ここで、2014年3月期の実質借金をマツダの決算短信をもとに計算してみますと…
(貸借対照表より)
短期借入金 105,283
+1年以内長期借入金 87,496
+1年以内社債 20,100
+リース債務 2,119
+社債 20,450
+長期借入金 504,446
+リース債務 2,841
= 742,735 百万円・・・有利子負債
(キャッシュ・フロー計算書より)
現金及び現金同等物 479,754 百万円
(実質借金)
742,735?479,754=262,981百万円
マツダの決算短信(2014/3/31)では、純有利子負債が約2630億円と記載されていたので、おそらく上記のような計算過程で求めたのではないか、と推測されます。
現時点での純有利子負債が2,600億円程度ということなので、今後、年間1,000億円の現金収支が見込めるならば、たしかに3年以内での純有利子負債をゼロ以下にすることが可能となるでしょう。

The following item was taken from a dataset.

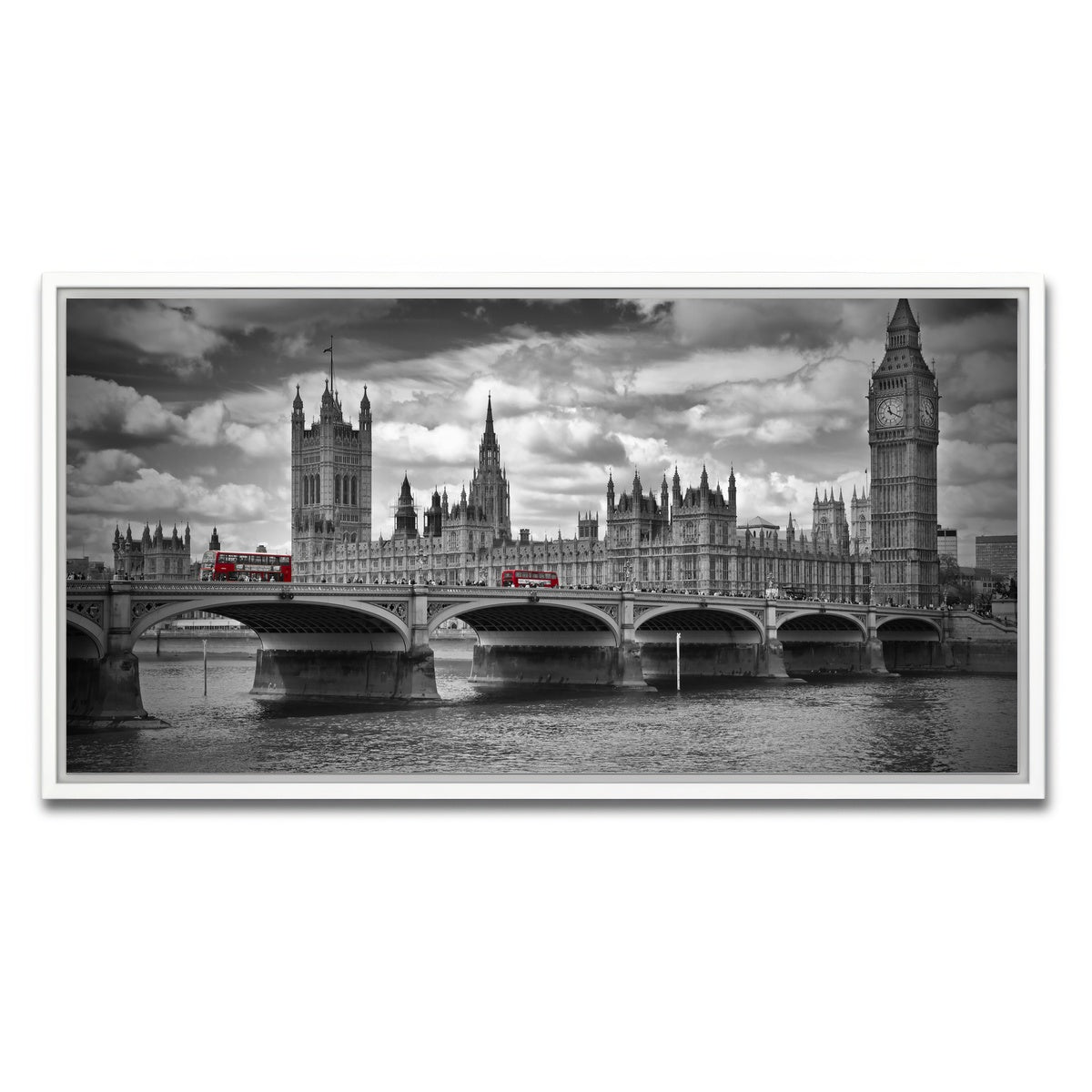 AUTO-MOCKUP WHITE | London Houses of Parliament & Red Buses | 1 Piece | White Framed Canvas | group=2x1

※純有利子負債(実質借金)がマイナス(ゼロ未満)の時は、現金の方が多いので、実質現金となる。
ちなみに、2014年3月期における、年間キャッシュ・フローを見てみると、営業活動によるキャッシュ・フローが1,363億円、投資活動によるキャッシュ・フローが1,201億円で、差引き163億円のフリー・キャッシュ・フロー(自由に使える資金)と推測されます。
これが当期以降では、営業キャッシュ・フローが2,000億円程度の黒字になることが見込まれている、ということで、これだけでも前期の1,363憶円と比較して637憶円もの増加にあたります。
さらに大型投資が一巡したことから投資活動の支出も減少すると予測されているため、トータルで1,000憶円前後のフリー・キャッシュ・フローになるのではないか、と考えられているのですね。
以上のような分析から、今後3年で純有利子負債(実質借金)はゼロ以下になって、純現金残高に転換する可能性がある、と指摘されているわけです。
平成24年3月期以降、たしかにマツダの業績が徐々に良くなっているかのような印象を受けます。
この動きが本物になるかどうかは、2014年の四半期業績の推移を細かく確認していくことで、あるていど判断できそうです。
以上、マツダのキャッシュ・フローに関する話題でした。